= WHAT THE TASK REQUIRES =
Look through the data below and output, unchanged, every line from the one holding "Royal Cottage |" through the one holding "Foto - Muş’ta", inclusive. Skip the pictures.

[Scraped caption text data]
==============================

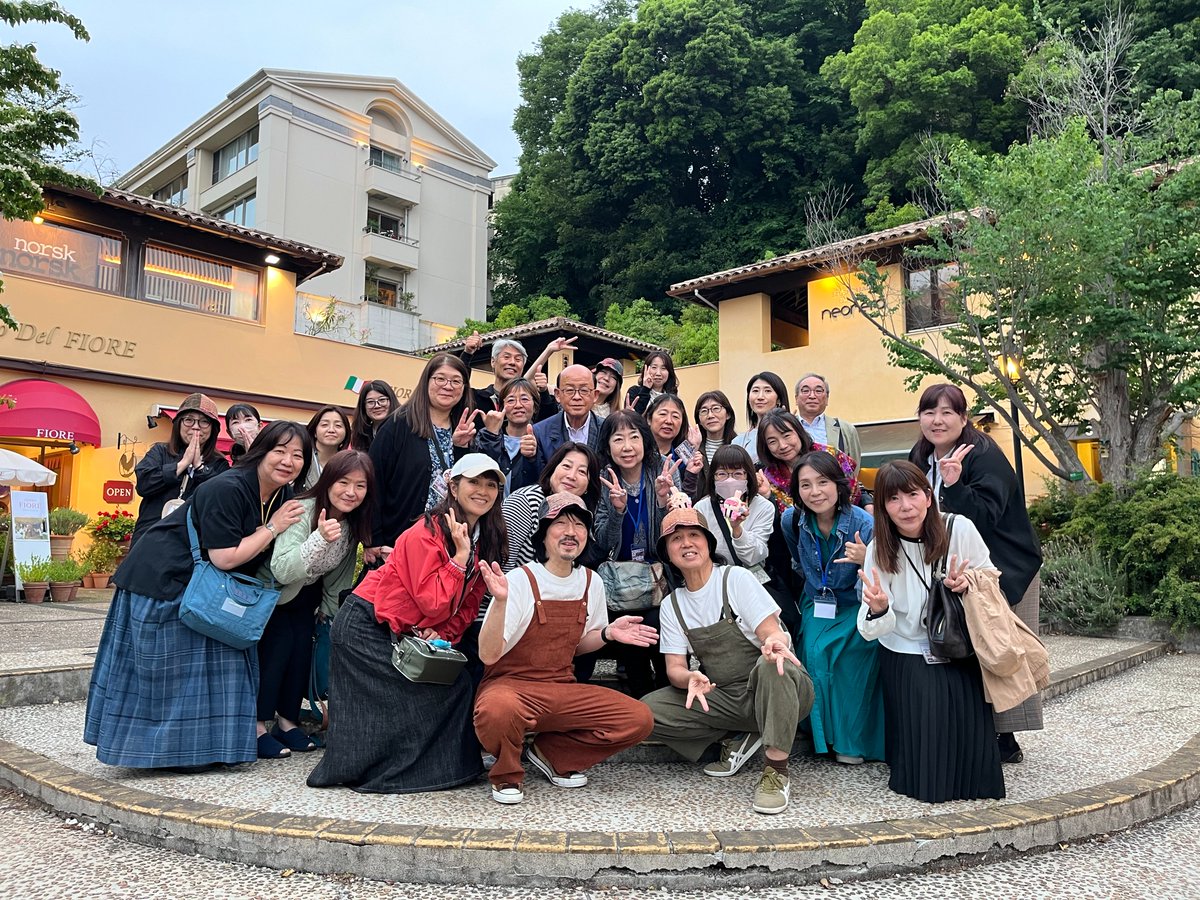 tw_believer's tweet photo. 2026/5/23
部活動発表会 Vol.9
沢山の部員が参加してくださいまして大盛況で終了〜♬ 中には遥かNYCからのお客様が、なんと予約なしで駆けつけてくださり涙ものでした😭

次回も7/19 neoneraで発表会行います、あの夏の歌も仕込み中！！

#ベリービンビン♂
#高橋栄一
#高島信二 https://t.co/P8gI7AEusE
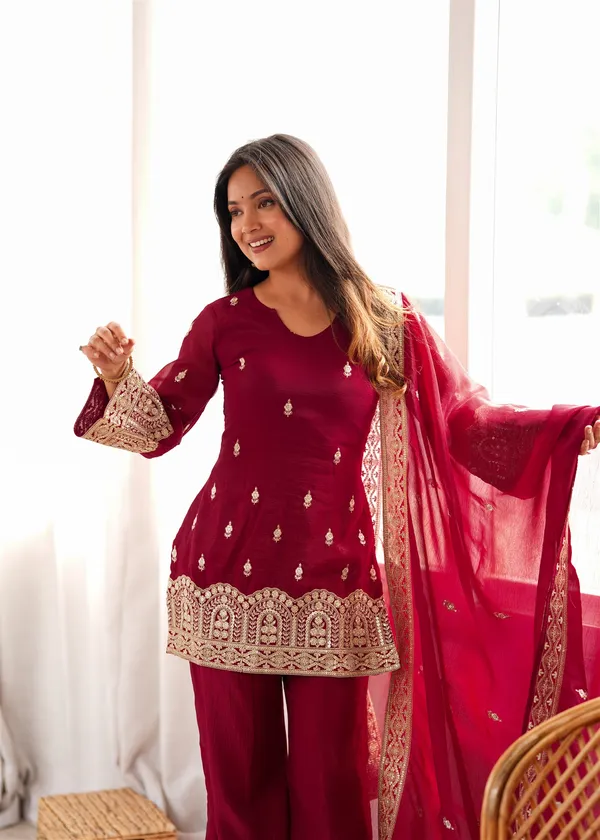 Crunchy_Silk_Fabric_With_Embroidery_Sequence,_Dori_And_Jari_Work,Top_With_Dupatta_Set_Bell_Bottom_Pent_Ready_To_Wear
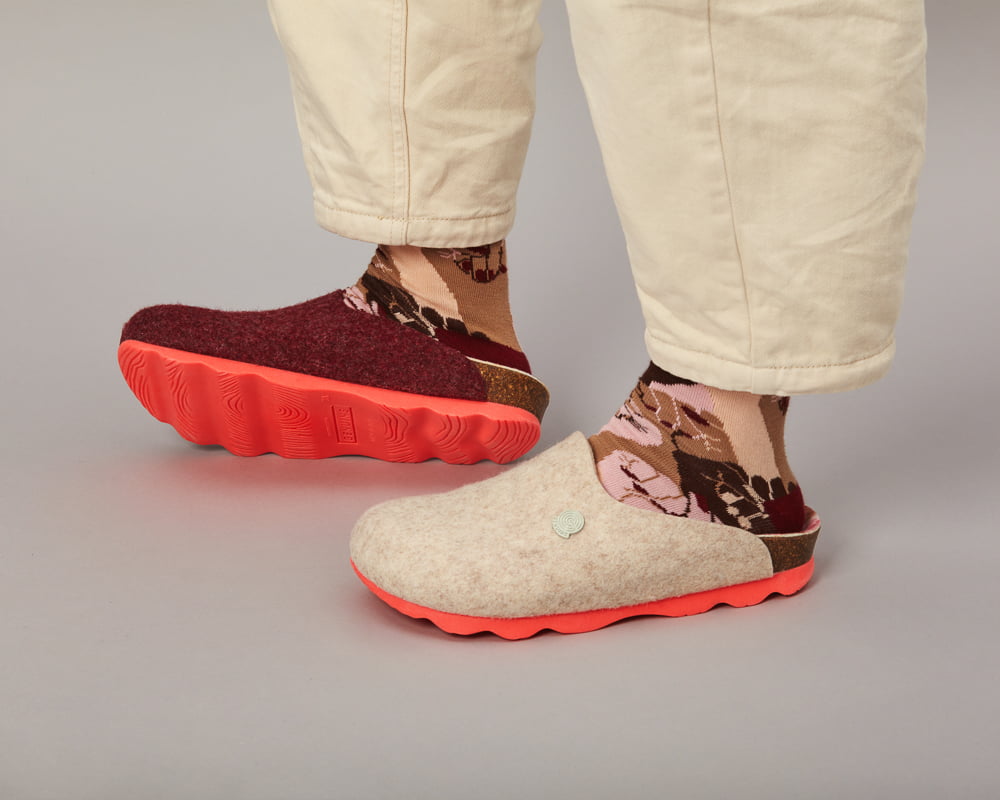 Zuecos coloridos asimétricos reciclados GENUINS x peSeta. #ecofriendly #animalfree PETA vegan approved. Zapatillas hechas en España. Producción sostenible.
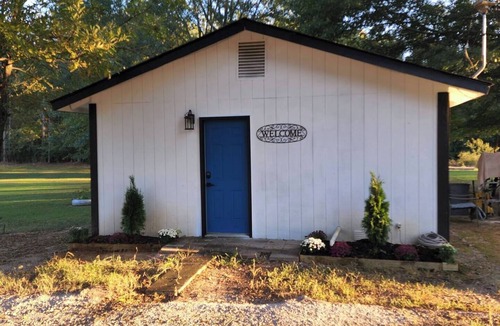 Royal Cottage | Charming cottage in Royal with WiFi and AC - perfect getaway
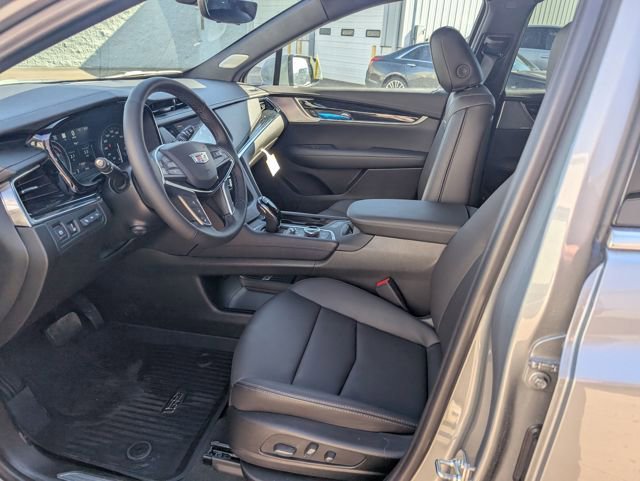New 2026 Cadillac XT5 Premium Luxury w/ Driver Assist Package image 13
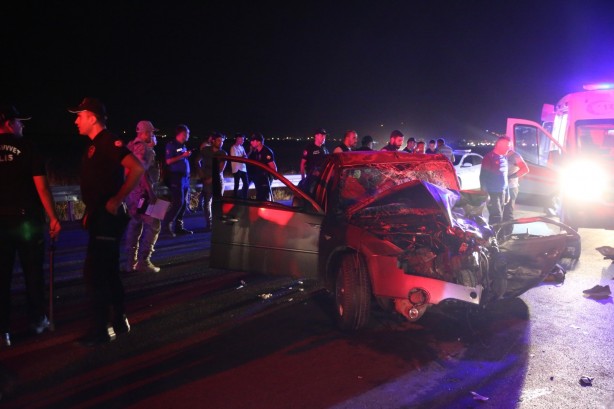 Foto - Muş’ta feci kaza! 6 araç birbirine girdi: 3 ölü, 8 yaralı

==============================

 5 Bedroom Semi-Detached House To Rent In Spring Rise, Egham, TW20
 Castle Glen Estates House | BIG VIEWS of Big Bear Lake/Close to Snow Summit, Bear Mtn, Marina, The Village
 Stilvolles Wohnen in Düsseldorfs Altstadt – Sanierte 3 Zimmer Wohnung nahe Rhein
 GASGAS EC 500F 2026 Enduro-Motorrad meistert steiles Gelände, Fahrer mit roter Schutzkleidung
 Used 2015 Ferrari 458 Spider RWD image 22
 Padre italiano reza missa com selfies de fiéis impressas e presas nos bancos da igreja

==============================

= REPLY =
 Royal Cottage | Charming cottage in Royal with WiFi and AC - perfect getaway
New 2026 Cadillac XT5 Premium Luxury w/ Driver Assist Package image 13
 Foto - Muş’ta feci kaza! 6 araç birbirine girdi: 3 ölü, 8 yaralı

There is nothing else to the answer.